Bess holds a Masters in Public Humanities from Brown University, graduate certificates in Museum Studies and Non-Profit Management from Tufts University and Harvard Extension School, and a BA in American Studies, Fine Art and Art History from George Washington University.  

Sharon Kivenko

|Collaborator

is a scholar and performance artist whose research and art live at the intersections of performance, embodiment, and social belonging. Her work as an ethnographer, as a professor, and as a dance-artist moves distally from the body to consider the kinds of social encounters that influence and determine individual and communal being-in-the world. Sharon’s academic research joins conversations in dance studies, social anthropology, and gender studies that highlight the complex relations among arts production, labor, migration, and citizenship; relations that themselves illuminate how paying attention to somatic modes of being in the world reveal nuanced perspectives on race, gender, class and sexuality. Sharon holds a PhD in Social Anthropology from Harvard University and has taught in Anthropology, Music, and Dance Studies at Harvard University, Tufts University and Boston College. She is currently teaching a movement seminar on choreography and resistance in the Consortium for Graduate Studies in Gender, Culture, Women and Sexuality at MIT.  When not writing, teaching, or performing, Sharon enjoys baking bread and taking long woods walks with her 7 and 12 year old children. She divides her time between Somerville, MA (USA) and Sutton, Quebec (Canada).

Karen Lane Bray|
Collaborator
MFA Dance, MS Physical Therapy

karenlanebray.com

 

I have been creating dance/theatre projects, indoors, and, out in nature, my entire life. Recent Community-Building/Dance Theatre projects I have conceived of, choreographed, and produced:

Site Specific Dances: June, 2021, The Fig Newton Garden Theatre Dancers created Site Specific Dances and performed them to a crowd of 155 outside in my garden, yard and driveway.

The Newton Project: Newton has a long, fierce battle going between residents who want regulations on leaf blowers and those who feel that any regulations are stepping on their freedoms. I invited people from both sides to an arts event; together we wrote poetry, danced,  and made visual art. A lovely time was had by all and new friendships have been forged.

The Crystal Lake Community Dance Project - Newton residents celebrated our lake with dance, giant puppets and a collaboration of musicians calling out to each other across the lake.  Arts Alive: My colleague and I improvise and interact with the public as a variety of comedic characters such as “Famous Authors, Dotologists, Oddiologists, Fortune Tellers, UPS Delivery folks, and, more…”

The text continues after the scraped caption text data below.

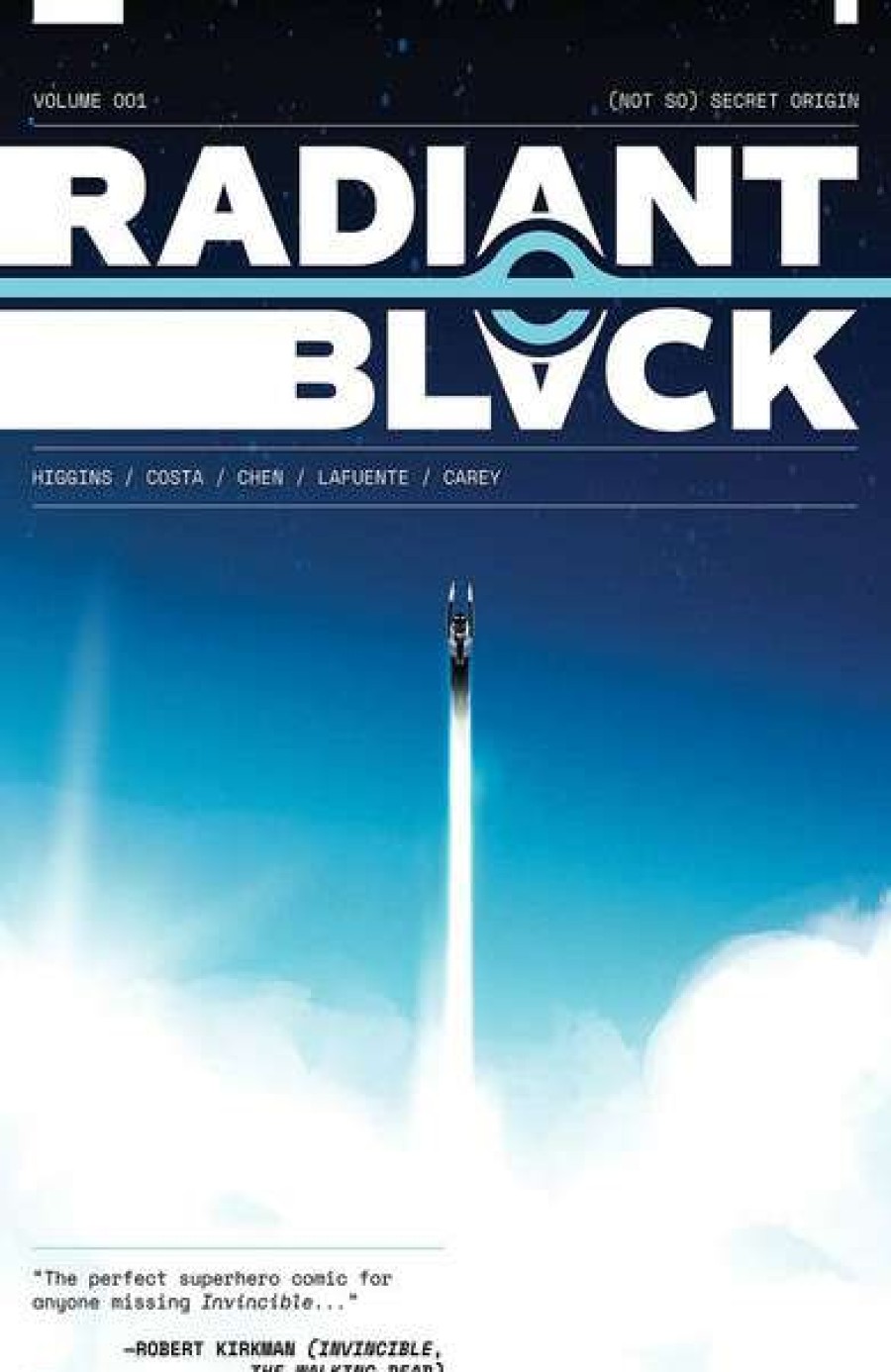 Graphic Novel * | Image Comics Radiant Black Volume 1 (Not So) Secret Origin Graphic Novel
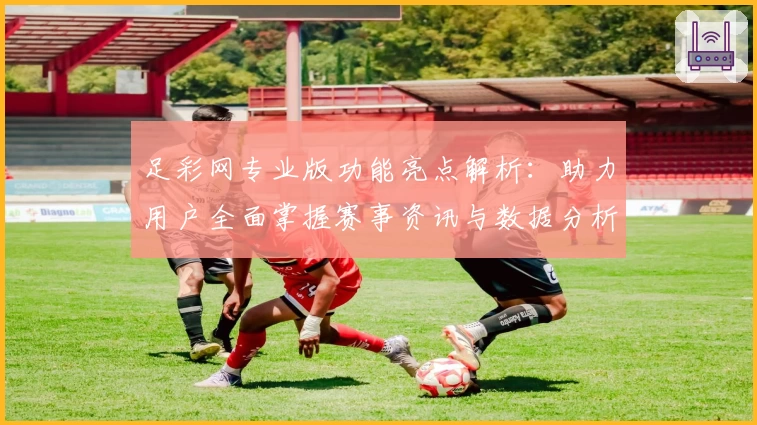 足彩网专业版功能亮点解析:助力用户全面掌握赛事资讯与数据分析技巧
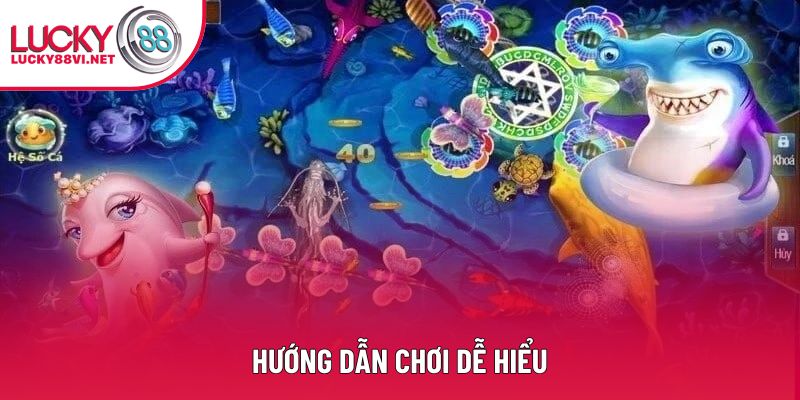 Hướng dẫn chơi dễ hiểu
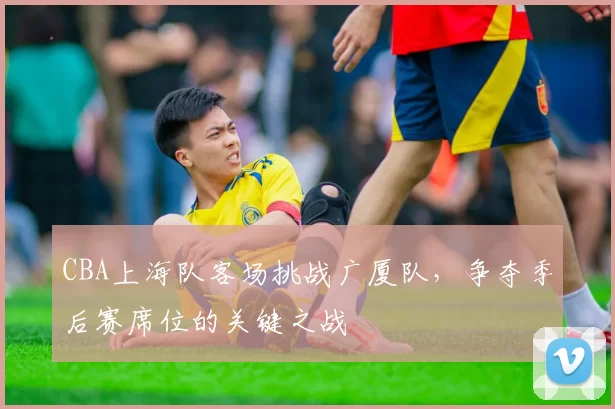 CBA上海队客场挑战广厦队，争夺季后赛席位的关键之战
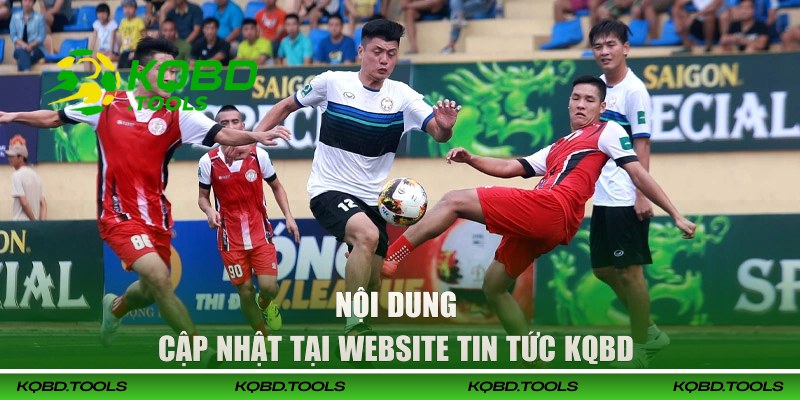Website Tin Tức Bóng Đá Hàng Đầu Cho Mọi Hội Viên 2 Nội dung cập nhật ở website tin tức KQBD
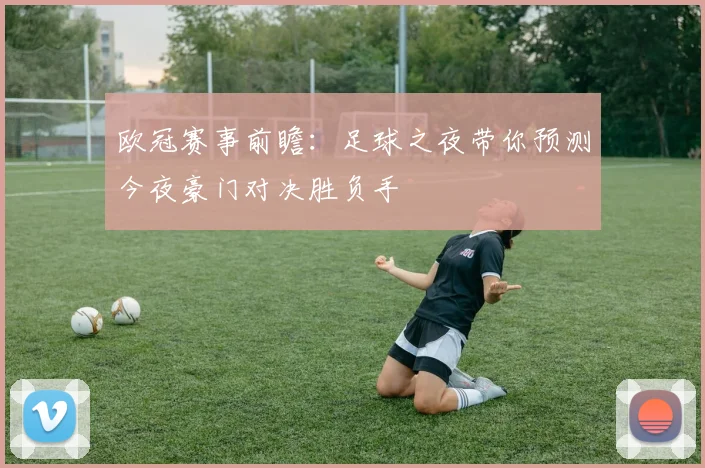 欧冠赛事前瞻：足球之夜带你预测今夜豪门对决胜负手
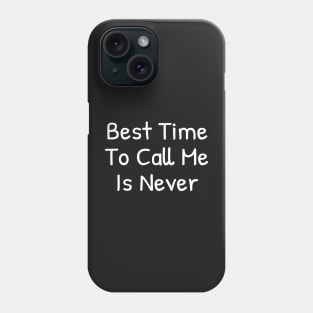 Best time To call me is Never Phone Case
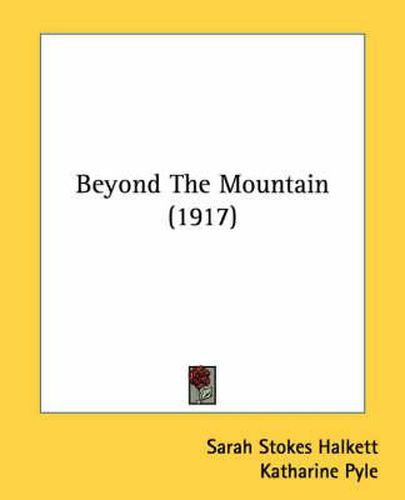 Cover image for Beyond the Mountain (1917)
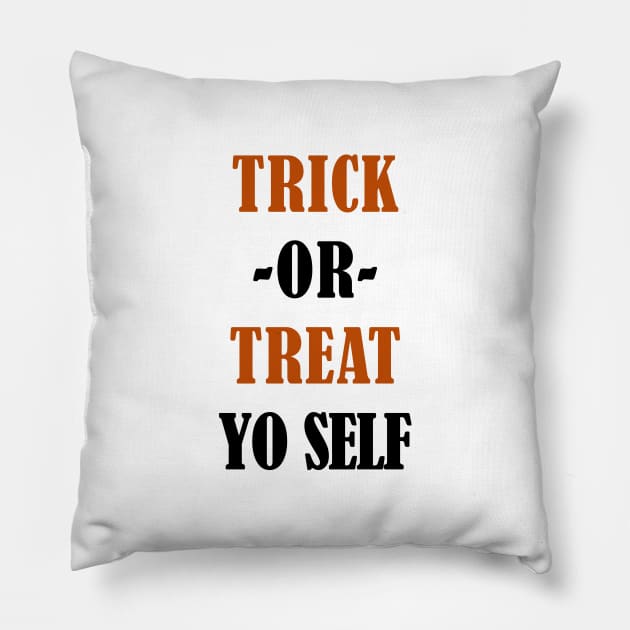 Trick or Treat Yo Self Pillow by Souna's Store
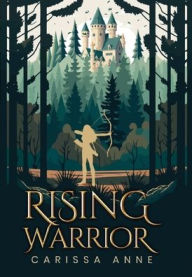 Title: Rising Warrior, Author: Carissa Anne
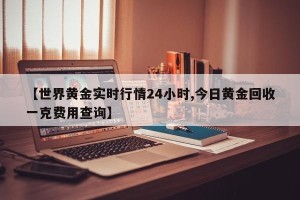【世界黄金实时行情24小时,今日黄金回收一克费用查询】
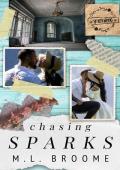 Chasing Sparks (Sparkwood #2)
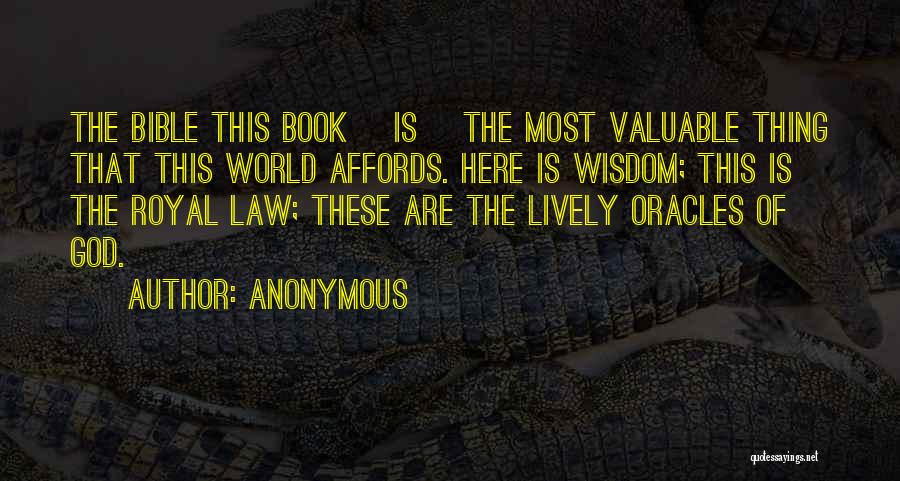 Anonymous Quotes: The Bible This Book [is] The Most Valuable Thing That This World Affords. Here Is Wisdom; This Is The Royal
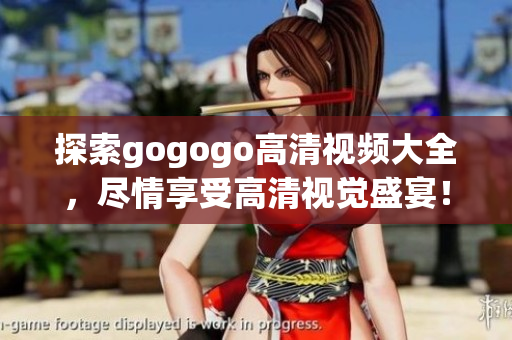 探索gogogo高清视频大全，尽情享受高清视觉盛宴！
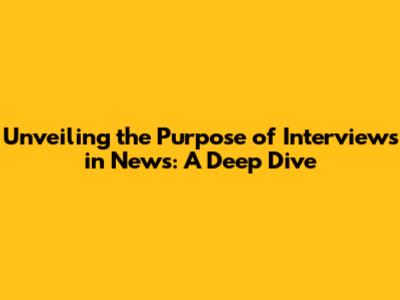 Unveiling the Purpose of Interviews in News: A Deep Dive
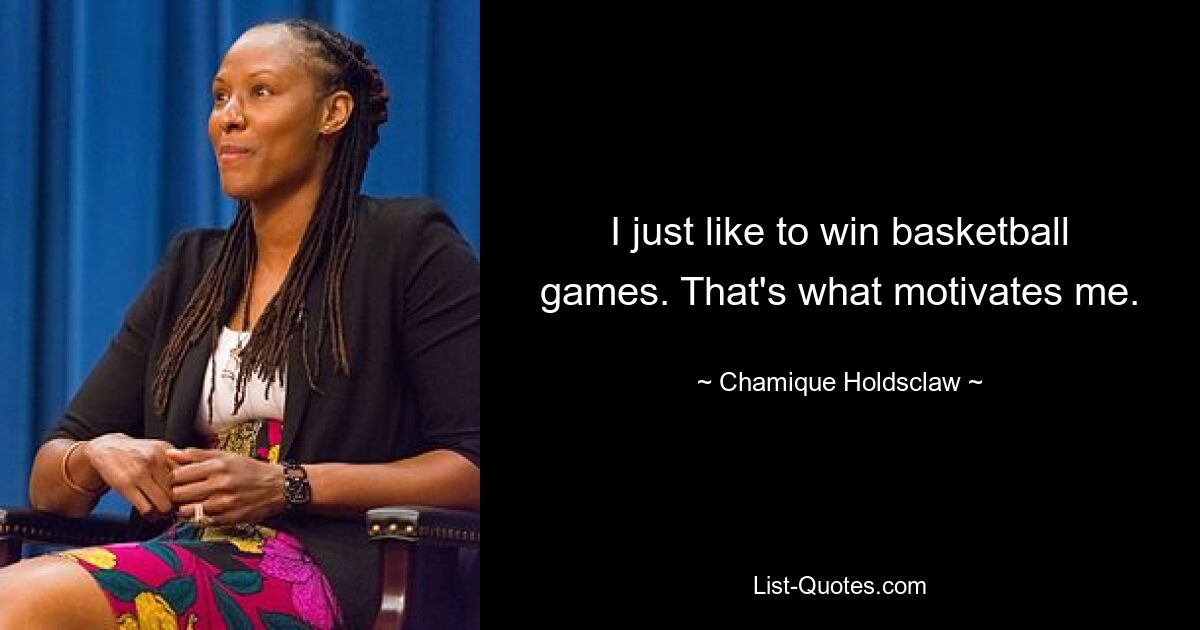 I just like to win basketball games. That's what motivates me. — © Chamique Holdsclaw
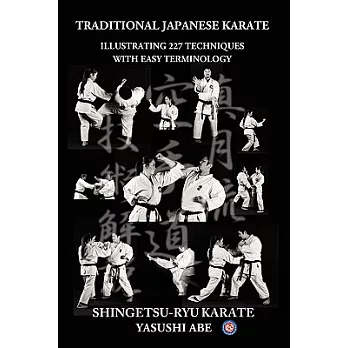 Traditional Japanese Karate: Illustrating 227 Techniques With Easy Terminology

Do Business/Make Art: Seven dancers and I observed movement and visuals in three  local Newton businesses; Cobella Beauty Salon, George Howell Coffee and Hip Stitch, and, choreographed, and, performed dances inspired by those businesses. The Artful Piano: Every Summer, Newton places artfully painted pianos all over Newton. Five dancers and I create structured improvisations inspired by each piano.Recent Teaching: Site Specific Dance: On zoom, prompts are given to students one week in advance of class to create One Minute Dances. During class, we share our creations and improvise together.

Creativity Lab: Since 2009, I have been co-teaching “Creativity Lab” at the New Art Center since 2009 to the present; a course that invites students to explore movement improvisation as well as all genres of art.

To pay the bills, I am self-employed as a Physical Therapist/Personal Trainer in clients’ homes, or, on Zoom in the greater Boston area.